We might someday, in a thoughtless moment of sanctimonious folly, allow someone or something to take from us the most precious gift we possess: the markets of America and the unyielding force on behalf of human rights that these markets represent. The financial markets are color blind. They know no distinction between races, they know nothing about ethnic origin, and they are indifferent to gender. What matters are price and quality.

In the financial markets, the trophy goes not to the Catholic or to the Jew, not to the White or Black not to the male or female, but to the one who understands the economic principles of supply and demand. Personal pedigree, family origin, physical infirmities, and gender are meaningless when measured against one's ability to determine the customer's needs and how to market your product.
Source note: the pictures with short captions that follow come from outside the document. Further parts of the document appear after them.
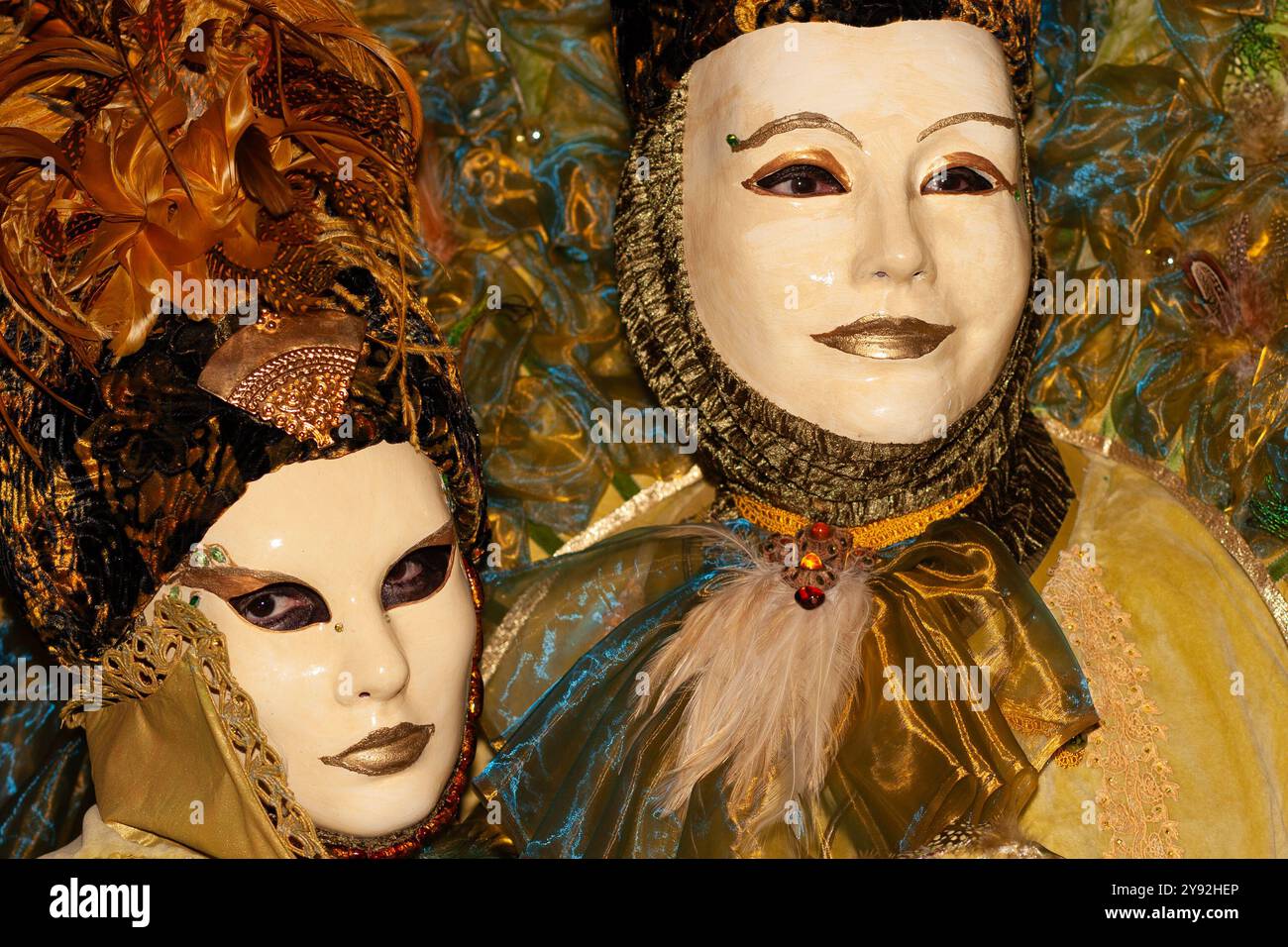 Auffällige, lebendige Farben der Masken und exotischen Kostüme, die von zwei Teilnehmern des jährlichen venezianischen Karnevals in Annecy, Frankreich, öffentlich präsentiert werden Stockfoto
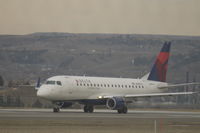 N609CZ @ KBIL - Delta Airlines Embraer departs Billings Logan on runway 28R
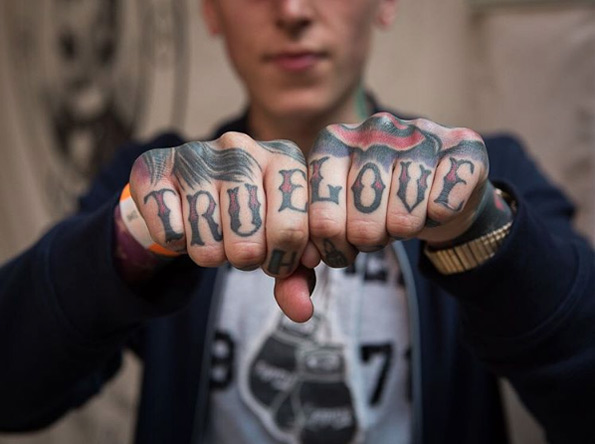 Red and black true love wording knuckle tattoo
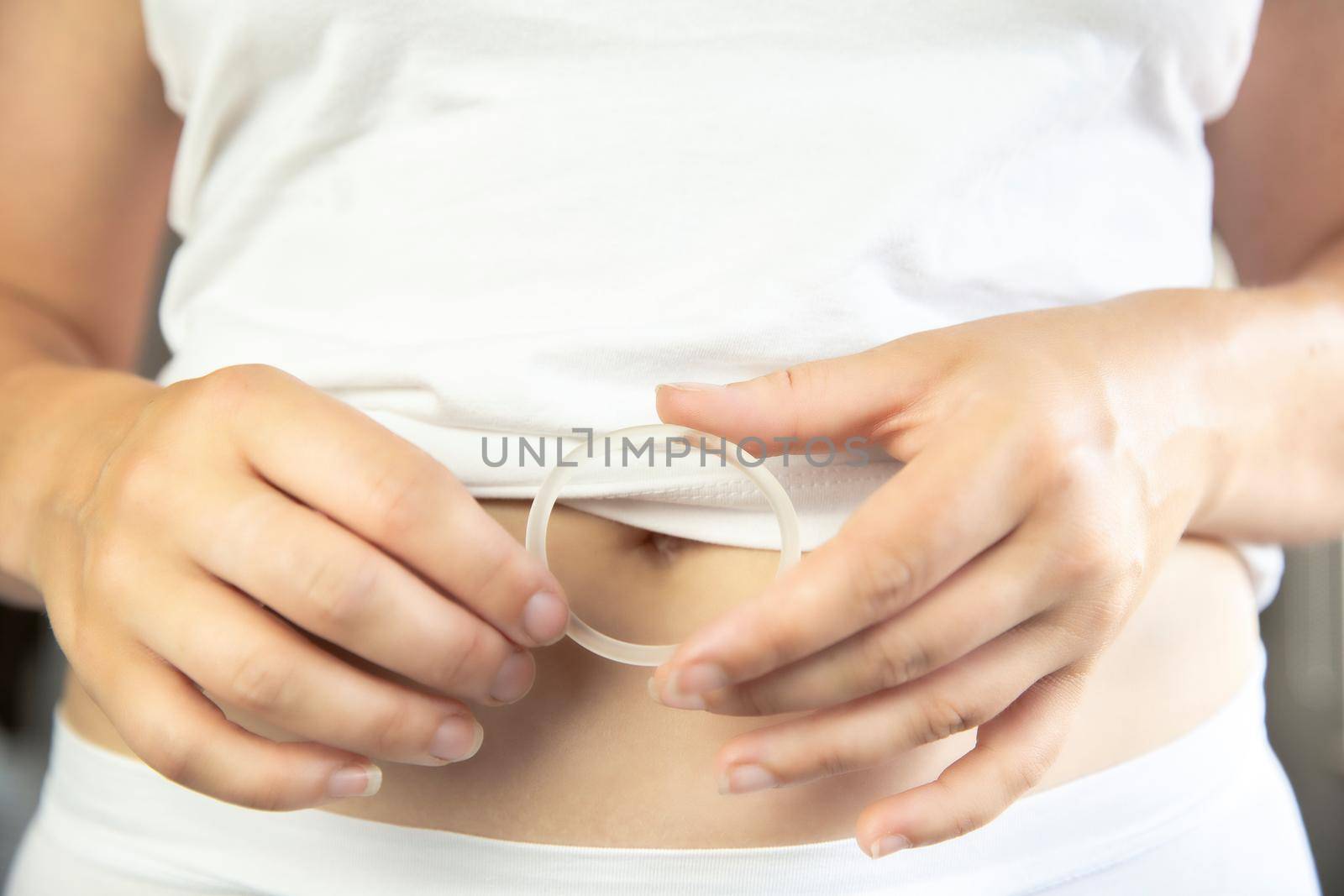 Birth control ,hormone, contraception ring in a womans hand white underwear and belly, vaginal ring for contraceptive use with copy space closeup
Little else matters. The market rewards you when you are right and punishes you when you are wrong no matter who your father was, no matter what he did for a living, and no matter where he came from. No other private sector establishment, entity, or apparatus is freer of human prejudice and less concerned with race or religion than the American free market structures. It established that an economic system could succeed only in an environment that permits individuals to freely pursue their own objectives for purely personal gain.

As a consequence of such pursuits, the individual, when taken in mass, will be led by an invisible hand to promote an overall social good. That is why I hold that Enron management was acting in a way that should not be condemned by any means, and should not be a subject to any sort of accusations. They were using the tools of the free market, therefore the legality of their, and which is more important, the morality of their actions is unquestionable to me. Thoreau: As I see it, the problems the scandal reveals are systemic. The individuals involved may have been uniquely greedy and unethical, but they were empowered by a system that exalted greed as it diminished ethics and accountability.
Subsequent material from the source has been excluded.